Its hard to imagine, in todays world of information at our fingertips that anyone could fool or misguide someone else, but as the current state of the world is, not only is a con job possible, but its getting easier and more profitable. The trick seems to be to be to make an idea, as I said above, bordering on the plausible but far away from feasible.
Not sure if there is an alternative to helium or hydrogen, like maybe a void container, but it would still be heavy.
I guess they will suffer from bad press if they can't prove this can work. Easy to lie to investors but unless they have a prototype, I'm still very skeptical.
In the sense that lift is linear by volume yes, but the driving complexity I expect would increase superlinearly.
If you're strapping 10 things together, you're now dealing with a much less rigid structure, the straps/scaffolding are significant points of failure, and the attachment points don't scale the same way so you have to add an even more complex (and tangle-able) web of cabling for your payload.

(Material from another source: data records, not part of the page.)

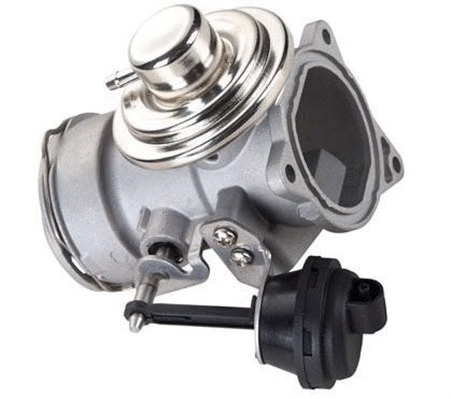 EGR Valve (359000603890)
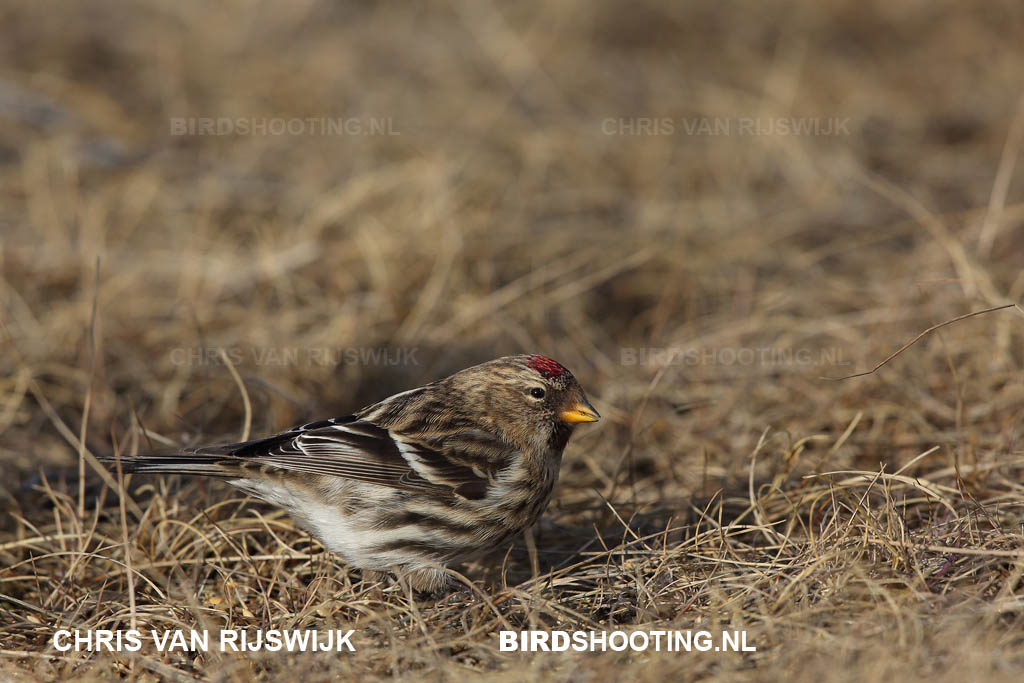 Groenlandse barmsijs 13 R9A8638DPP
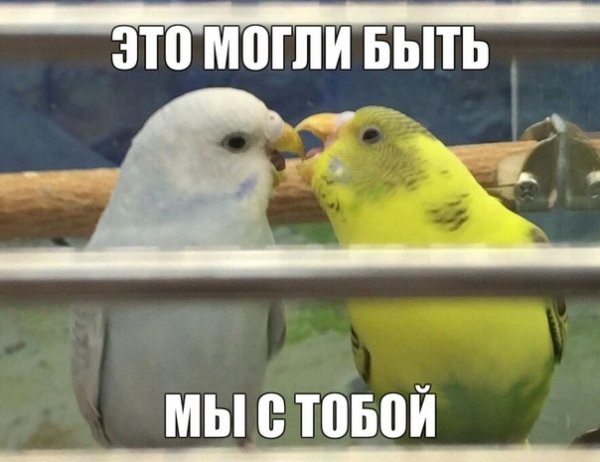 Милые мемы с попугаями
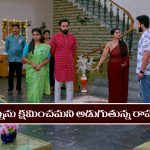 Brahmamudi Serial Today November 11th:‘బ్రహ్మముడి’ సీరియల్‌: స్వప్నను క్షమాపణ అడిగిన రాహుల్‌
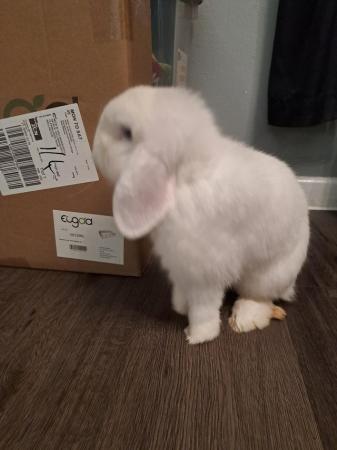 Image 4 of White mini lop male 15month old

Yes, individual cells filled with lifting gas scale nicely (after all that's how rigid airships are made), but the main issue here is "big", not the actual arrangement or architecture. You need BIG to be able to lift HEAVY.
Operating a blimp on Venus would be a bit tougher than on Earth, partly because the density of Venus atmosphere is only 95 % of our air (less lift per lifting gas volume), and also because of the incredibly violent 100 m/s winds, 93 bar pressure and a temperature of 470 °C.
250 tonnes is A LOT to lift. Look how big a hot air balloon needs to be to lift a few passengers in a basket. Sure helium has more lifting power but it doesn't create miracles. That means the balloon would have to be absolutely massive. Far bigger than the CGI renders they show on their site. Helium is very expensive and a lot of it will leak out of a balloon like that even if you can reclaim the bulk of it back at the storage site.
I'd like to be proven wrong because the idea seems wonderful but the only thing they may be successful at doing is lifting some money from the hands of some gullible investors.